= Eric Helland =

American economist

Eric Helland (born c. 1968) is the William F. Podlich Professor of Economics in Robert Day School of Economics and Finance at Claremont McKenna College and Claremont Graduate University, George R. Roberts Fellow at Claremont McKenna College, and Senior Economist, Institute for Civil Justice, RAND Corporation, Santa Monica, CA.

Helland holds a B.A. (1991) from the University of Missouri and an M.A (1992) and Ph.D. in economics from Washington University in St. Louis (1995). Helland is a member of the Board of Directors of the UCLA Center for Governance. He is the recipient of the Robert H. Durr Award from the Midwest Political Science Association and the Dean's Teaching Award from Ball State University. He has been Senior Economist at the Council of Economic Advisors and visiting professor of economics at the Stigler Center for the Study of the Economy and the State at the University of Chicago. From 2003 to 2004 he worked as the Senior Staff Economist on the Council of Economic Advisers.

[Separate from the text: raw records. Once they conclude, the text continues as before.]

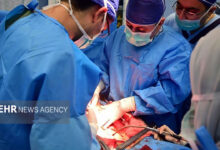 چه کسانی بیشتر در معرض خطر تومورهای مغزی هستند - خبرگزاری مهر | اخبار ایران و جهان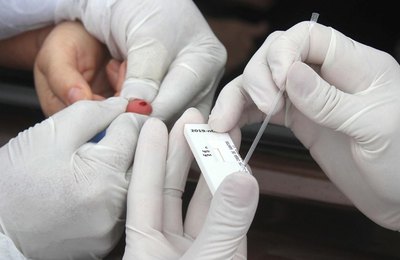 Covid-19: nova etapa de pesquisa de testagem da população começa na quinta-feira  em Maceió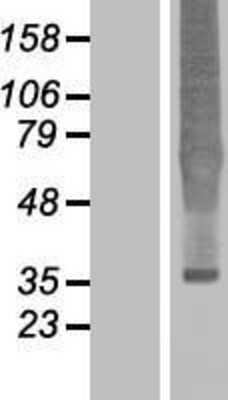 Western Blot: delta Opioid R/OPRD1 Overexpression Lysate [NBL1-13942]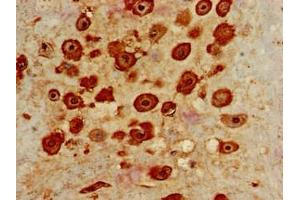 Immunohistochemistry of paraffin-embedded human placenta tissue using ABIN7156860 at dilution of 1:100 (IL22RA2 antibody  (AA 22-263))
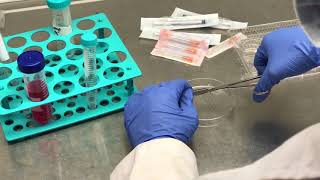 Cell harvesting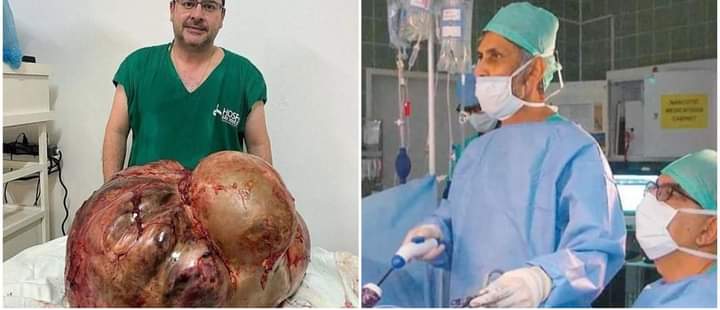 بوزن 45 كيلوغراما..إزالة أكبر ورم من جسم امرأة في اللبرازيل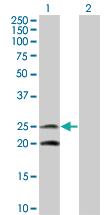 Anti-IL6 Mouse Monoclonal Antibody [clone: 2C5]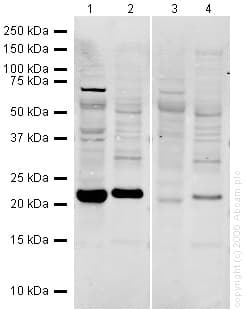 Anti-Glutathione Peroxidase 1 antibody(AB22604)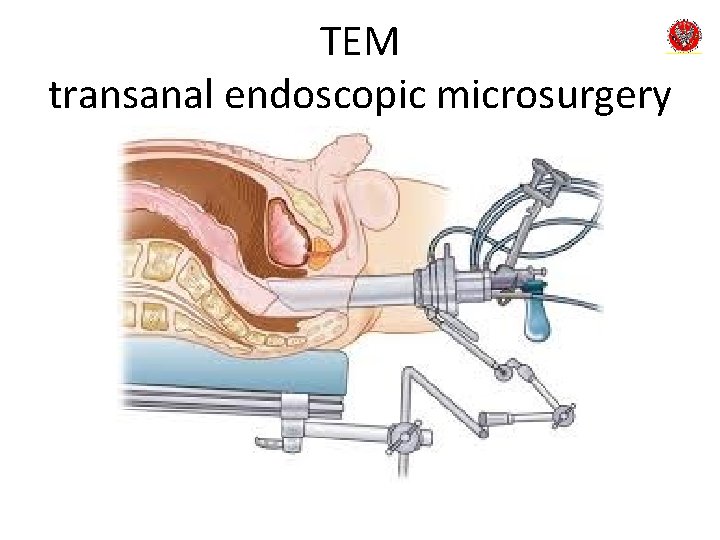 TEM transanal endoscopic microsurgery 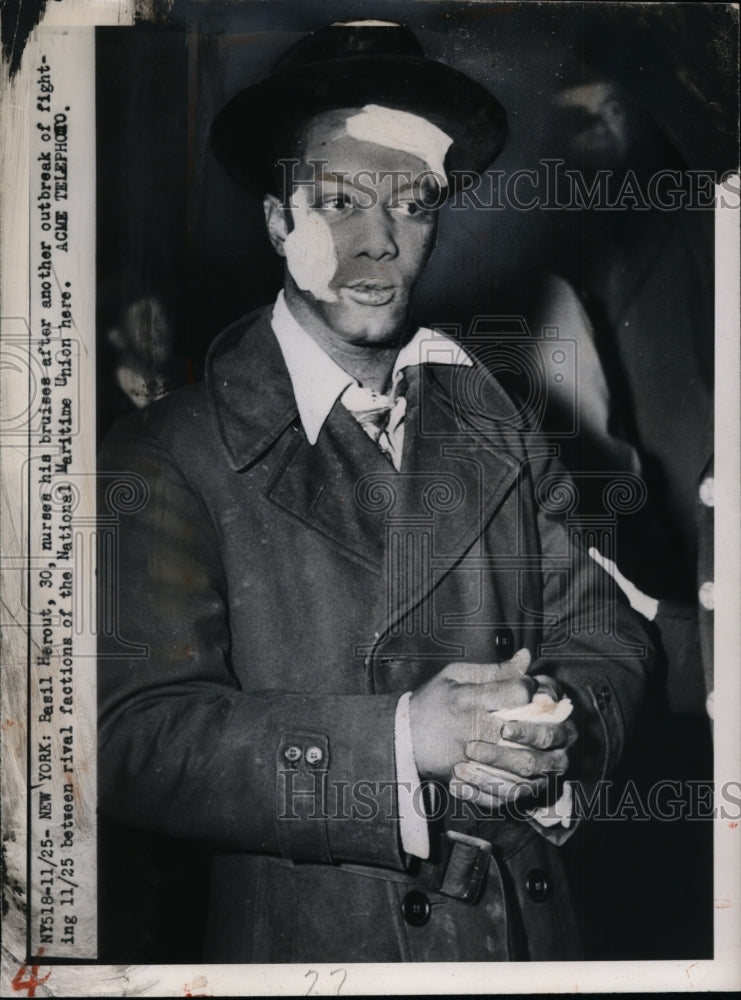 1949 Basil Harout, Injured in National Maritime Union Fighting, NYC - Historic Images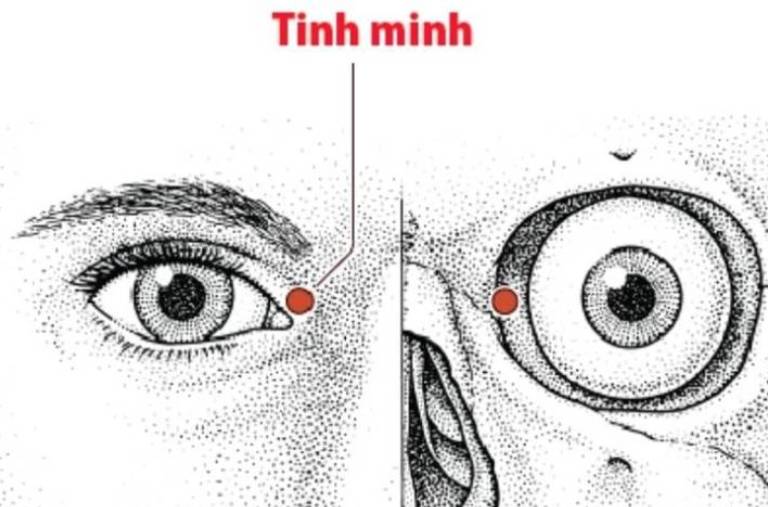 Huyệt Tinh Minh nằm gần khóe mắt, có tác dụng làm sáng mắt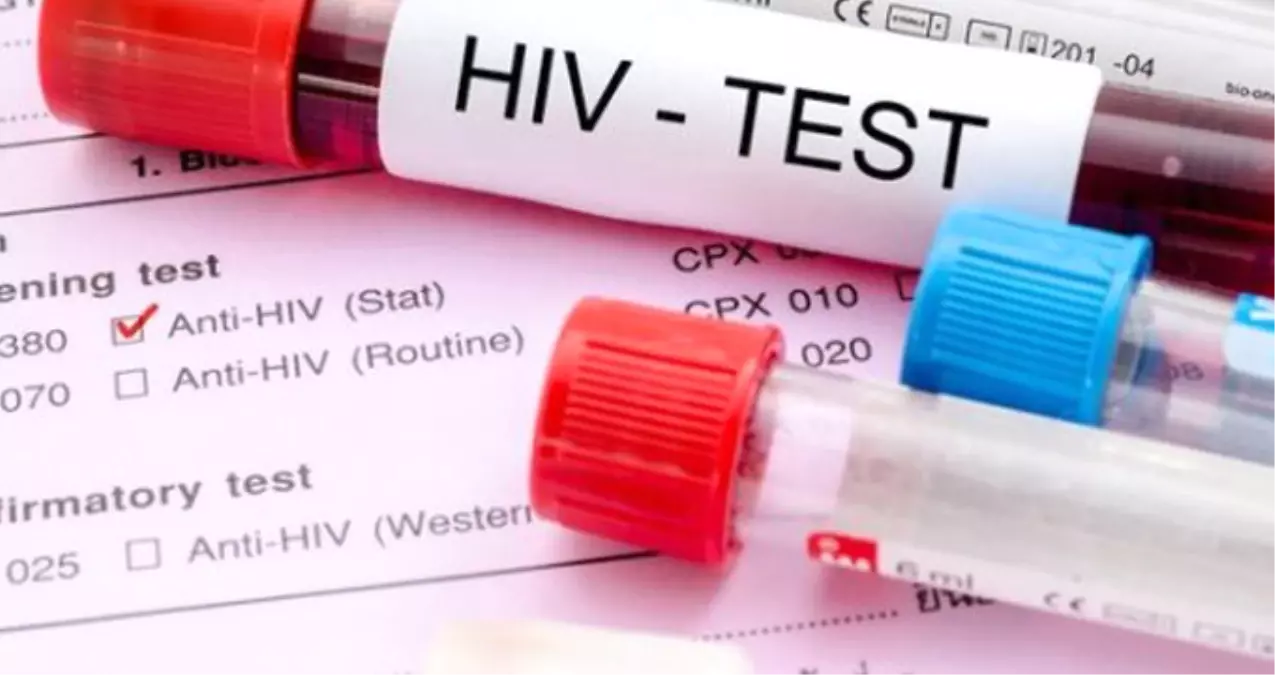 Çin\'de Sağlık Görevlisinin İhmali Yüzünden 5 Hastaya AIDS Bulaştı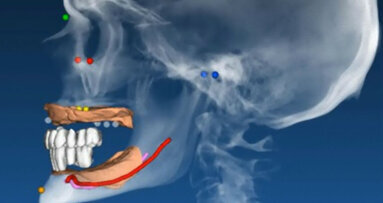 Quattro punti da non dimenticare nella programmazione implantare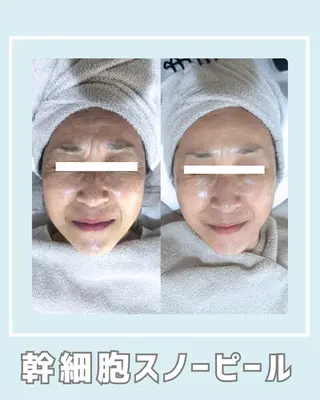 |ピーリング・毛穴| soina神楽坂のエステ・リラクイメージ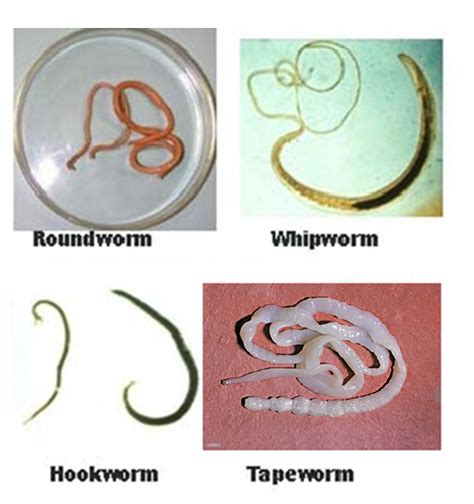 Worm Types Intestinal Worms Otherwise Known As Pesky Little, 43% OFF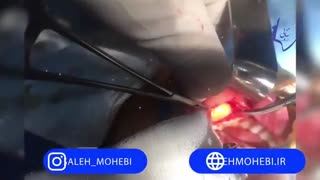 جراحی توده بوکال از طریق دهان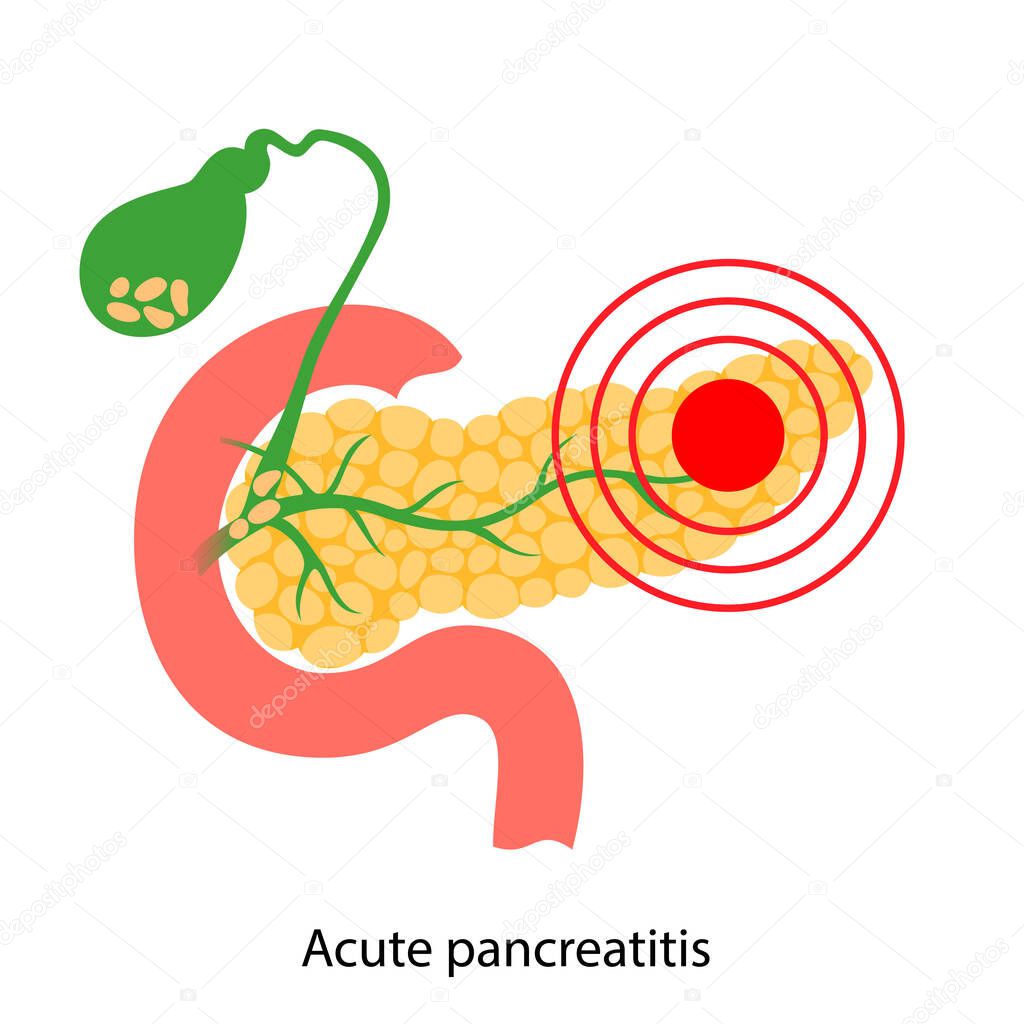 Pancreas disease logo, acute pancreatitis. Medical appointment and treatment in clinic. Pain and inflammation in digestive system. Human internal organs anatomical examination flat vector illustration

He holds professional associations with American Economic Association, Society for Empirical Legal Studies, and the American Law and Economics Association. He is an editor-in-chief of the International Review of Law and Economics. His articles have appeared in such scholarly journal as the Journal of Environmental Economics and Management, Journal of Legal Studies, and Review of Economics and Statistics.

==Selected works==
- Helland, Eric (2008). "The optimal jury size when jury deliberation follows a random walk"
- Helland, Eric (2007). "The Tradeoffs between Regulation and Litigation: Evidence from Insurance Class Actions"
- "Court Congestion as an Explanation for Rising Attorney Fees" (with Jonathan Klick, Journal of Legal Studies 36(1):1-17, 2007)
- Brown, William O. (2006). "Corporate philanthropic practices"
- Helland, Eric (2006). "Reputational Penalties and the Merits of Class-Action Securities Litigation"
- Helland, Eric (2005). "Data Watch: Tort-uring the Data"
- Helland, Eric (2004). "The Fugitive: Evidence on Public versus Private Law Enforcement from Bail Jumping"
- Helland, Eric (2004). "Regulation and the Evolution of Corporate Boards: Monitoring, Advising, or Window Dressing?"